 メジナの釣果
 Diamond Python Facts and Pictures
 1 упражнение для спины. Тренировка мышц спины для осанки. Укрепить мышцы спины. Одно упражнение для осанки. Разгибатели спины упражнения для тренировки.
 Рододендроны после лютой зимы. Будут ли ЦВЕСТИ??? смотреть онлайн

* * *

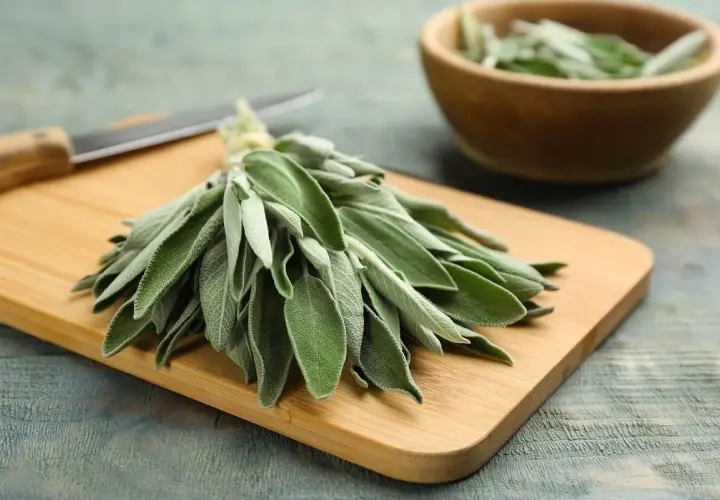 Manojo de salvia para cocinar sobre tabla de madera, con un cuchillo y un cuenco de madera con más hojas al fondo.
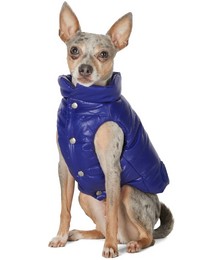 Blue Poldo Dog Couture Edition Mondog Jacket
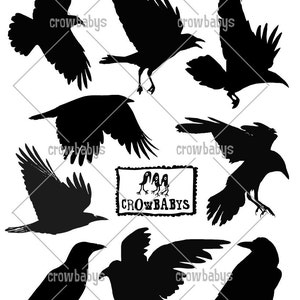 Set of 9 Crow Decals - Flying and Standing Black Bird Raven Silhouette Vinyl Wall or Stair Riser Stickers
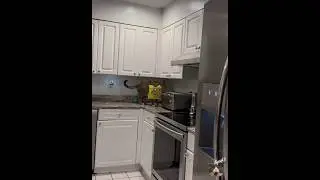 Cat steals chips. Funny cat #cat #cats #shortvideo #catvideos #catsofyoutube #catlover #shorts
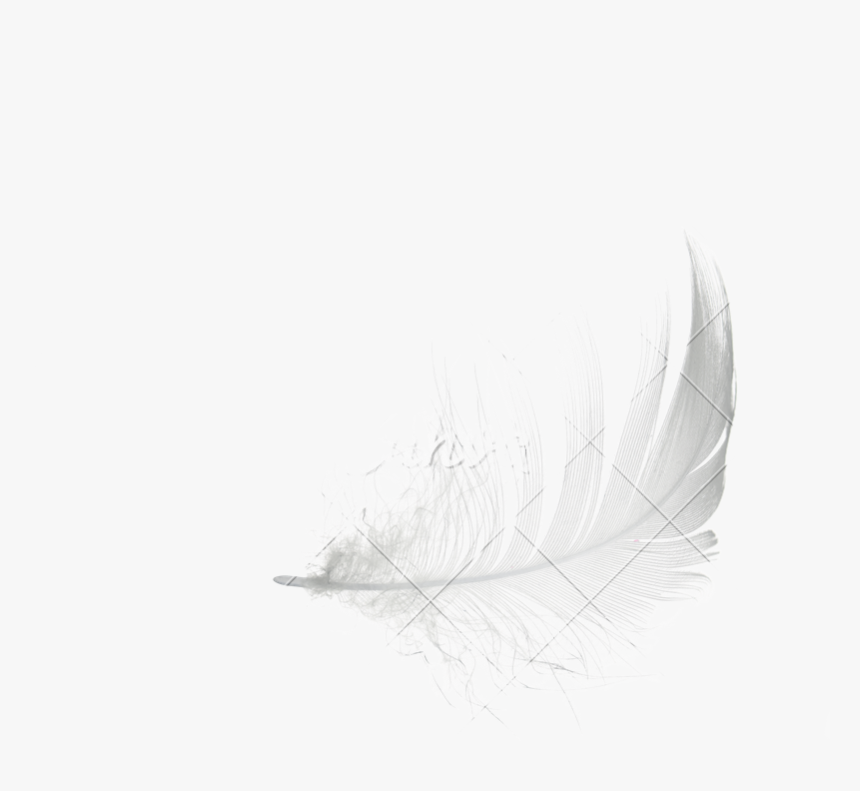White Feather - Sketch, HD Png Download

--

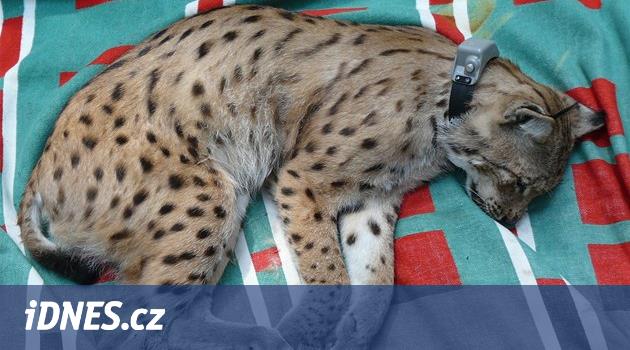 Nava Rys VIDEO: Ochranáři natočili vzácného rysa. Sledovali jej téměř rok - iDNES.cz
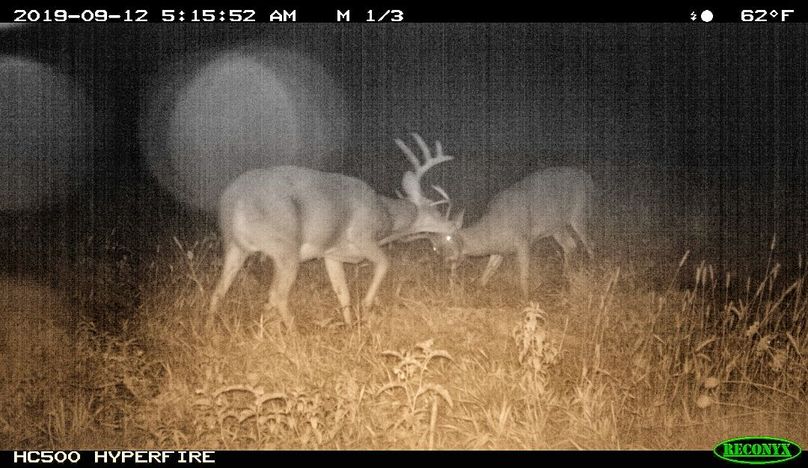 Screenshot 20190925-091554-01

• **What the task requires**:
Set down word for word the lines above from the one with "Nava Rys VIDEO: Ochranáři" up to and including the one with "Screenshot 20190925-091554-01". Omit every picture.

• **Answer to this exercise**:
 Nava Rys VIDEO: Ochranáři natočili vzácného rysa. Sledovali jej téměř rok - iDNES.cz
 Screenshot 20190925-091554-01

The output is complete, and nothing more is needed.